UrBackup Client Unstable crashing on Windows XP

I just noticed that the new Unstable UrBackup client crashed on Windows XP. Looking at the logfile did not give any indication where the error came from. I could however say where it did not come from, because only one thread crashed and the other ones continued writing debug info into the logfile.

To get some more info where this error was happening I installed userdump on the XP laptop (http://support.microsoft.com/kb/241215). This gave me a nice image of the process memory at the point of failure. Sadly Visual Studio cannot display that much information about the dump file. For example I did not get it to display a call stack. I went on to install WinDbg which is part of the Windows SDK. This had all the information needed to pinpoint the problem. It showed a call stack including line numbers in the source files. It was however mysterious how it got the location of the source files and the line number of the error, because of course I used a release build on the XP laptop and release versions do not include debug information. Strange.

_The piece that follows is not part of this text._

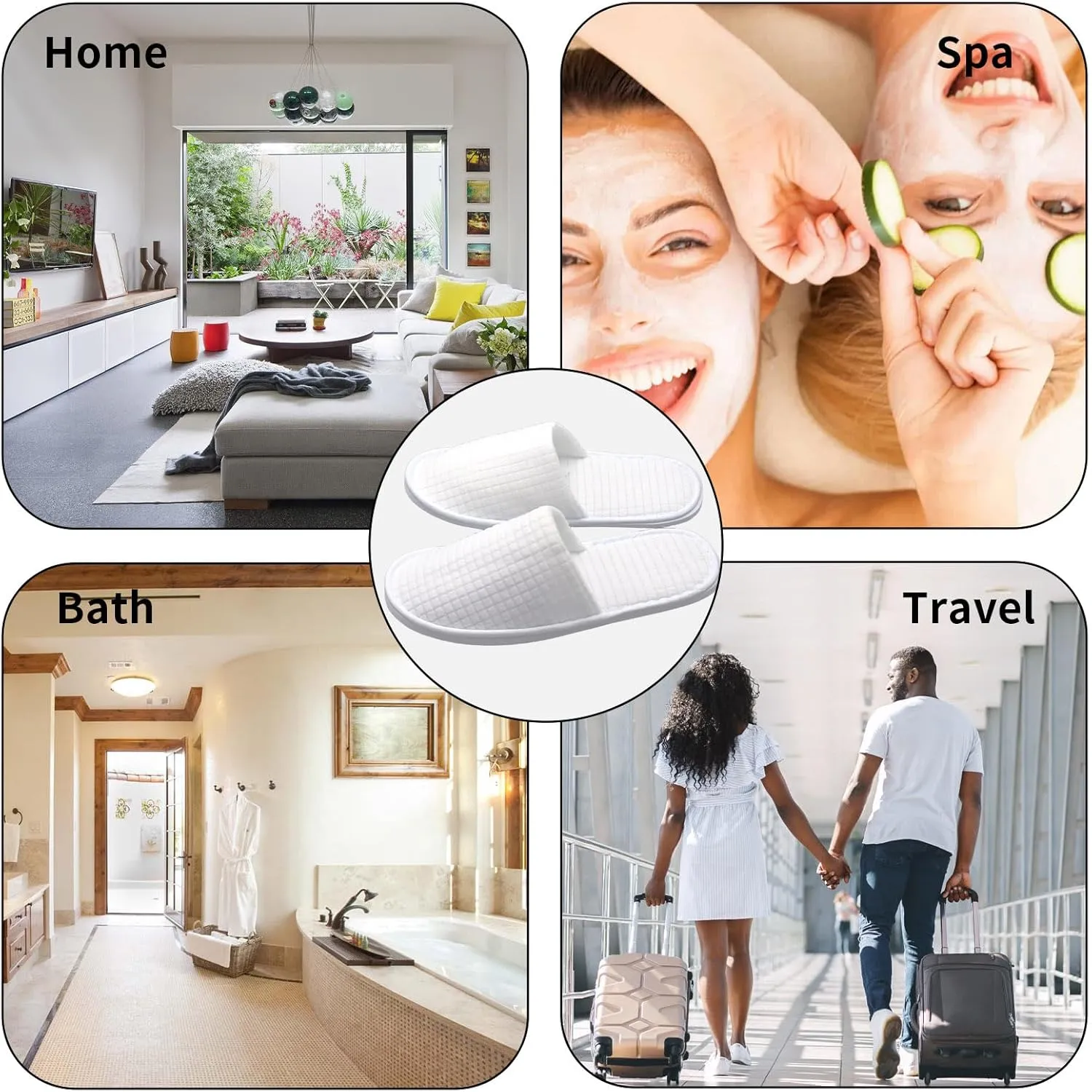 Disposable Slippers for Guests, 8 Pairs, Non Slip, Washable SPA Slippers for Hotel, Guest, Travel, Bride, Women and Men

Even though it could display everything quite fine WinDbg complained about missing debug information. Which is, as explained, only natural. But then why could it show the call stack with function names?

Analyzing the information WinDbg provided did not help: The error was at a position where normally no error should occur. I double checked.

So whatever magic WinDbg does it must be wrong. Right? I continued to point WinDbg at the right debug information, but that did not change the position of the error in the code. I was just in the process of collecting all the right DLLs to get a debug build to run on the XP laptop, when the day saving thing happened: I cleaned the whole project and build everything. The universal advise for every problem computer related: “Have you tried turning it off and on again?”. Of course it worked perfectly after that.

Visual Studio must have done something wrong in the calculation of what it has to rebuild, causing the XP build target to be outdated, running with a more recent host process. This caused a function to be called without a parameter which now has one, which then caused the memory access error.

Once again the solution was easy but finding the solution was hard.

Why you shutting down an application gracefully even though it’s difficult and you think you don’t need to

UrBackup is a highly threaded application. Currently, for every client a server has approximately 5 threads are started. Additionally there is a thread pool for requests to the webinterface.
Some people would claim this is a difficulty in itself, because managing resources can be difficult the more threads you have. Anticipating this I built UrBackup using message passing and the implicit synchronization it provides.
Partly because of this I didn’t have that much problems.
What is a problem is how to tear down all those threads again. One solution which is currently “in use” is to let the operating system handle that. Let me elaborate on this:

The assumption is that you designed your application in a way that it can be forcefully stopped at any time. You should do that for every application that saves some kind of data, because nobody can guarantee for any length of time, that your procedure which stores data will not be interrupted and not started again. This interruption can be caused by a shortage of memory, a user killing the process or a power outage/hardware failure killing the computer.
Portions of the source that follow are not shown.